Silvia Peppoloni, Nic Bilham, Giuseppe Di Capua

Chapter 3. Exploring Societal Intersections of Geoethical Thinking

Abstract
This chapter explores geoethical thinking as a means for offering alternative modes of living in a world where humans and natural systems are inextricably linked. Real-world examples demonstrate the societal relevance of geoethics. Four essays illustrate different aspects and specific contexts. The first explores the societal significance of geoscience as a ‘stewardship-science’ and elicits the often hidden influence of geoscience in contemporary societies. The second describes an adaptive and collaborative governance approach affording more sustainable futures for small-scale fisheries. This approach combines universal values with contextual practices to inform geoethics-inspired governance approaches. The third argues that more rigorous engagement with citizen science would demonstrate the societal relevance of geoethics. The final essay explores how ‘society–Earth-centric’ narratives can help citizens better understand their (inter)actions within the Earth system.
Martin Bohle, Rika Preiser

Chapter 4. Humanistic Geosciences and the Planetary Human Niche

Abstract
The societal relevance and purpose of geoscience are discussed from a conceptual perspective in this chapter. It explores how people should live ethically in times of anthropogenic global change and describes the history and current state of ‘human niche-building’ (or ‘engineering’, in its broadest sense) at the planetary scale. It outlines how the Earth can be conceived as a single system, ‘people included’, by considering the geosphere, biosphere and ‘noosphere’—a term repurposed here to denote the human agent and its socio-technological means, consisting of physical and mental artefacts.
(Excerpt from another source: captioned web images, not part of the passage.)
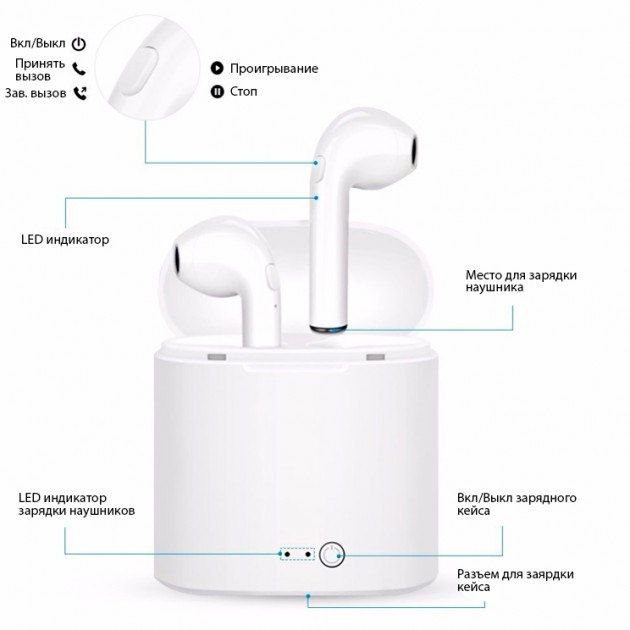 Беспроводные наушники Bluetooth
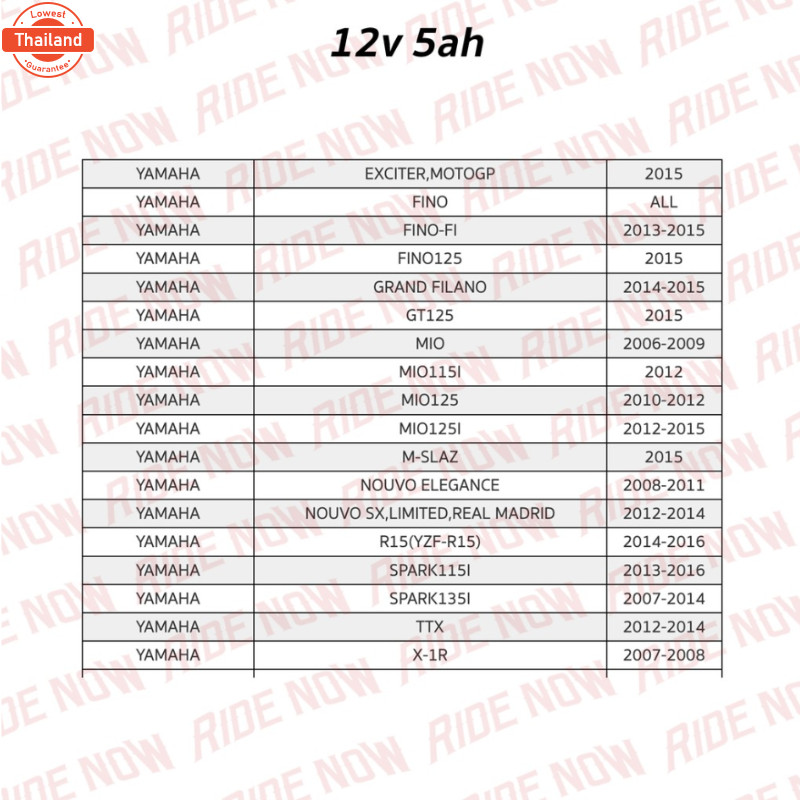 แตเตอรี่แห้ง CHANG CTZ5S 12V 5Ah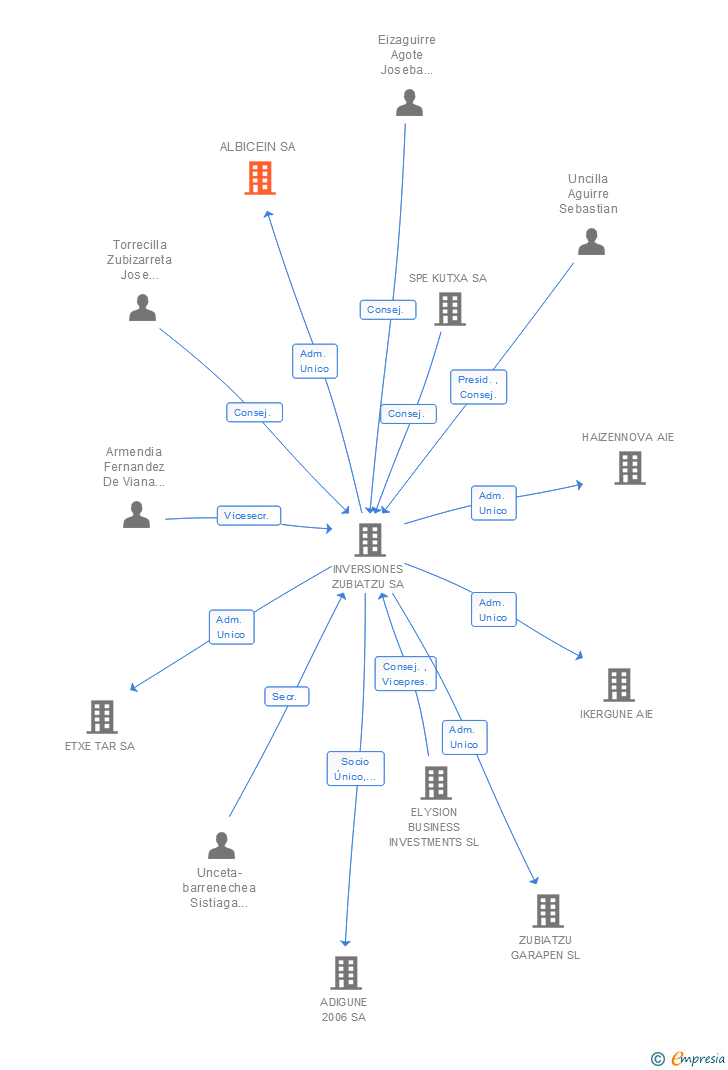 Vinculaciones societarias de ALBICEIN SA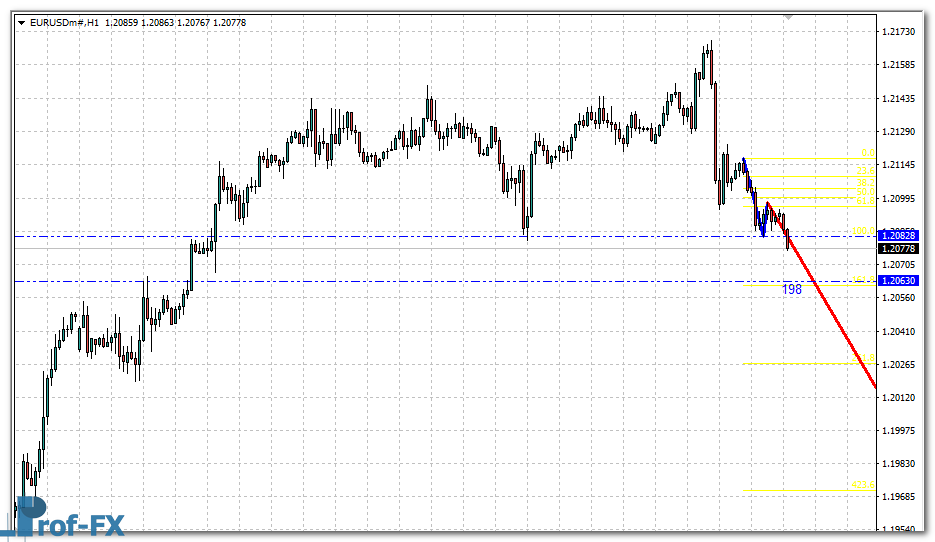 1-2-3 Pattern metatrader 4 indicator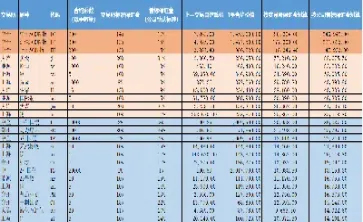 保证金期货价格(保证金期货价格名词解释)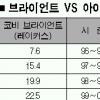 [NBA] 아이버슨-코비 득점왕 시소경쟁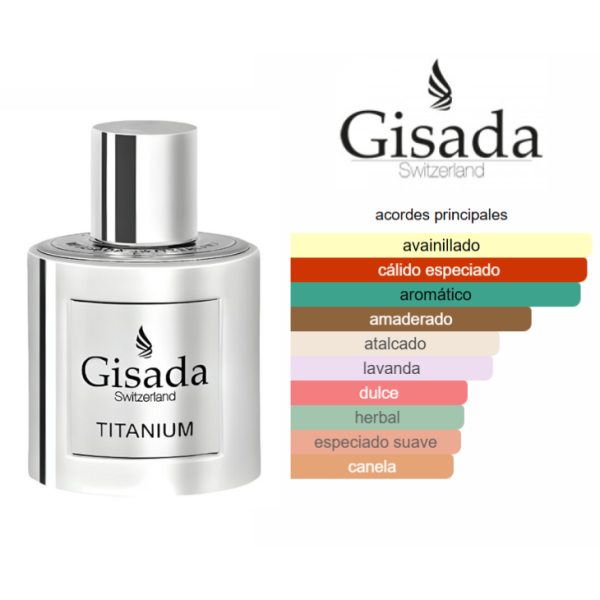 GISADA SWITZERLAND Titanium 100ml Edp Hombre - Imagen 3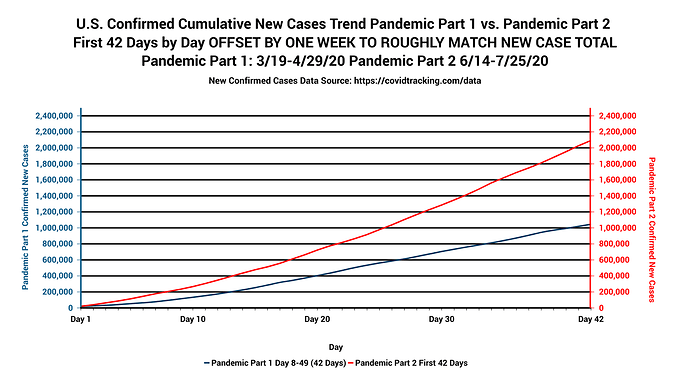 U.S. Pandemic Part 1 vs Part 2 First 42 Days 7-25-20 OFFSET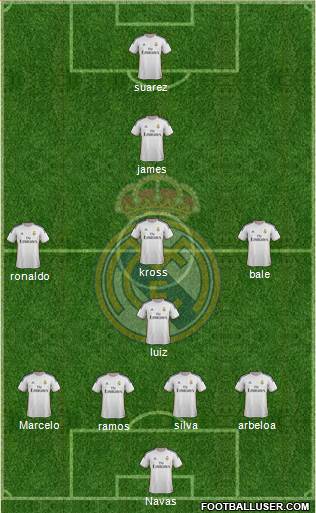 Real Madrid C.F. Formation 2014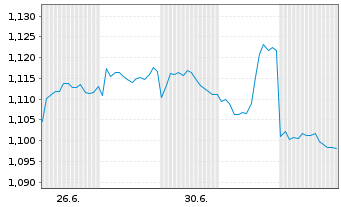 Chart FIH Mobile Ltd. - 1 Monat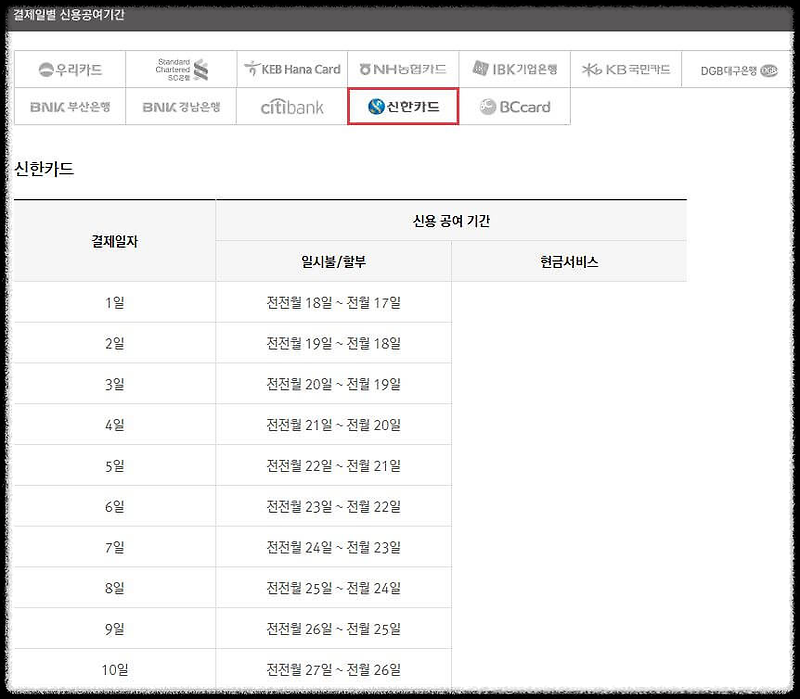 신한카드 신용공여기간 및 결제일 추천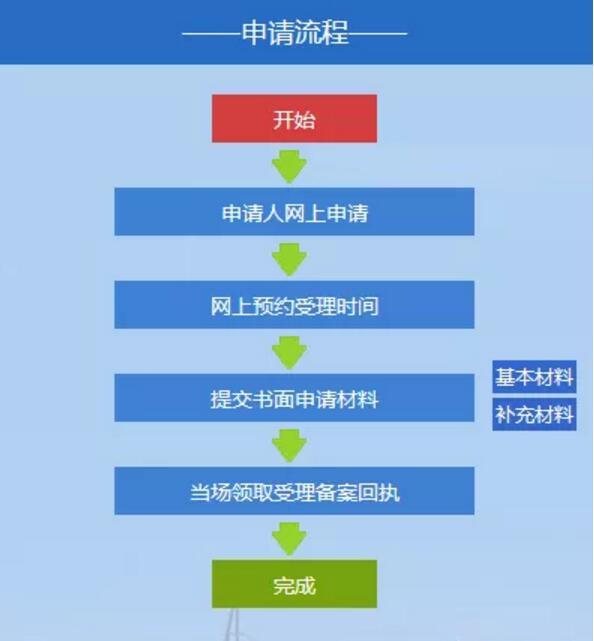 深圳市积分入户网整理：深圳公租房申请条件及流程(图3)
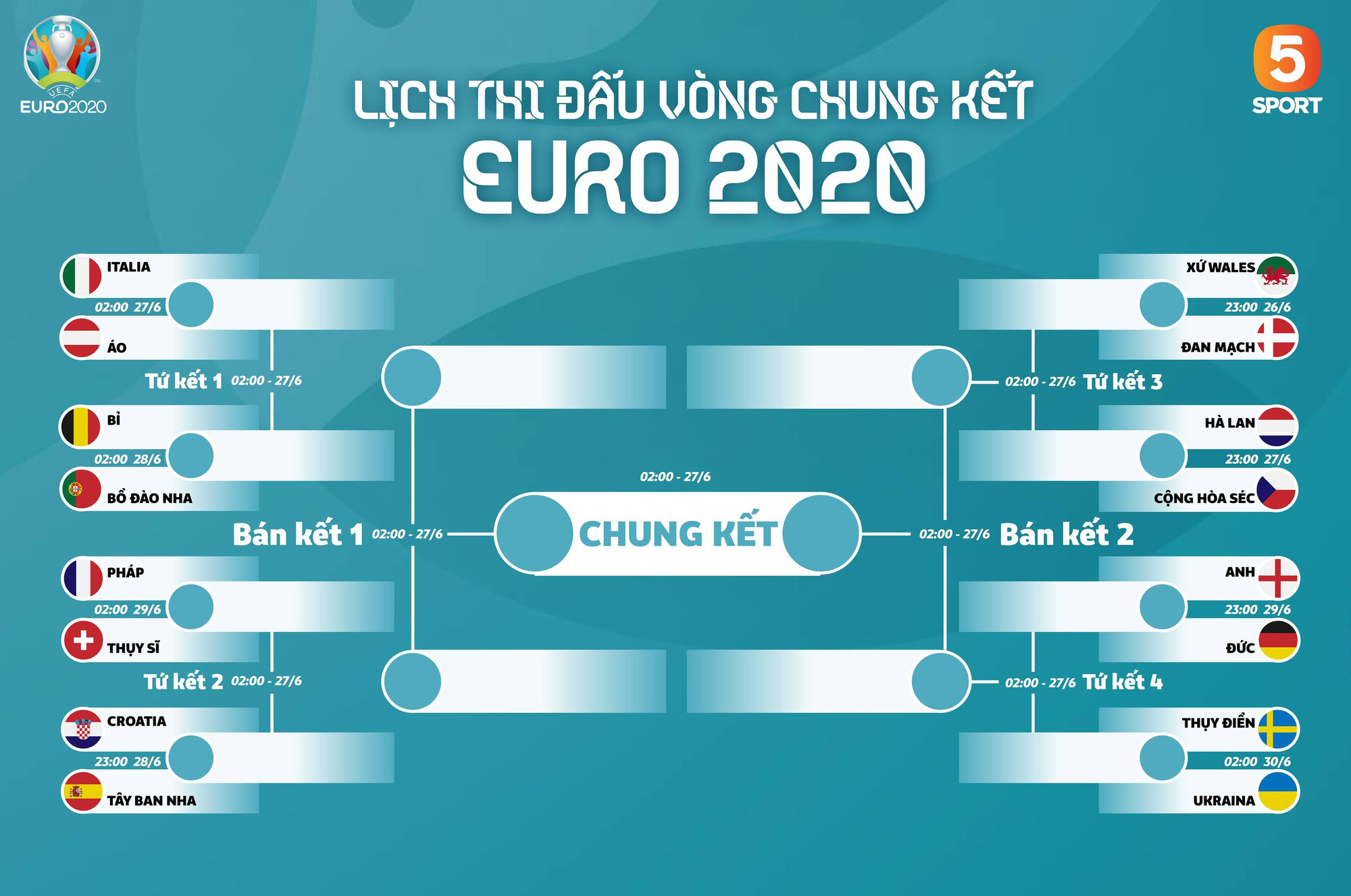 Đi tìm quán quân ăn tiền thưởng đậm nhất sau vòng bảng Euro 2020: 1,3 nghìn tỷ đồng &quot;ting ting&quot; cho 3 đội tuyển - Ảnh 2.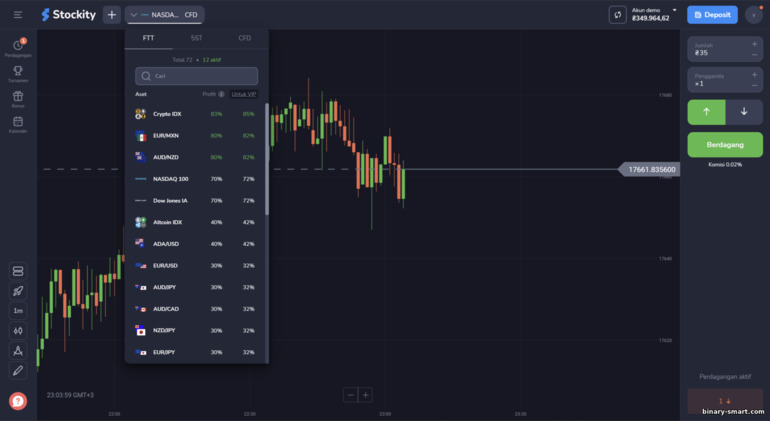 aset untuk diperdagangkan dengan broker Stockity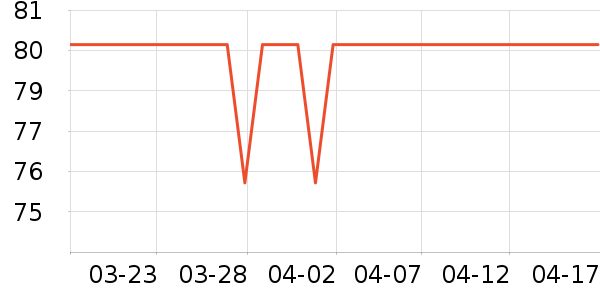 ����˿����������ʷ�۸�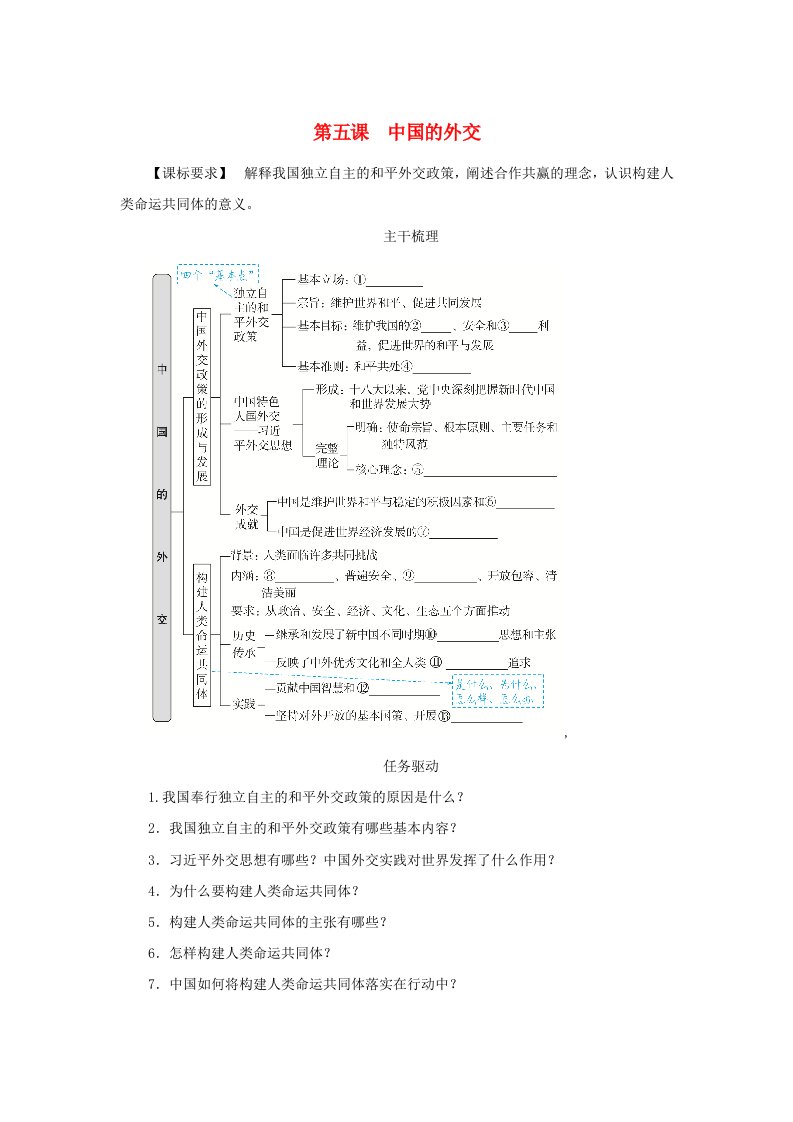 2025版高考政治全程一轮复习知识梳理选择性必修1第二单元世界多极化第五课中国的外交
It posits Kohlberg’s hierarchy of moral adequacy as a reference scale for assessing the maturity of human–Earth interactions, and argues for the social value of geoethical thinking in shaping public narratives about these interactions.
Martin Bohle, Eduardo Marone

Chapter 5. Reframing Geoethics?

Abstract
Geoethics is an emerging and expanding field which is deepening its philosophical foundations and strengthening its interactions with other disciplines. Such expansion may be in tension with the need for geoethics to be a focused framework to support geoscientists in their work. There is also a risk of ‘geoethics’ being used as a catch-all term for reflection and research when considering human actions within the Earth system. The chapter reflects on how the scope of geoethics might be constrained. It suggests that geoethics might be framed as relating to the practices and values of any human agent as part of the Earth system, whereas the complementary notion of ‘geosophy’ could be used to refer to the broader considerations regarding human–Earth system interactions.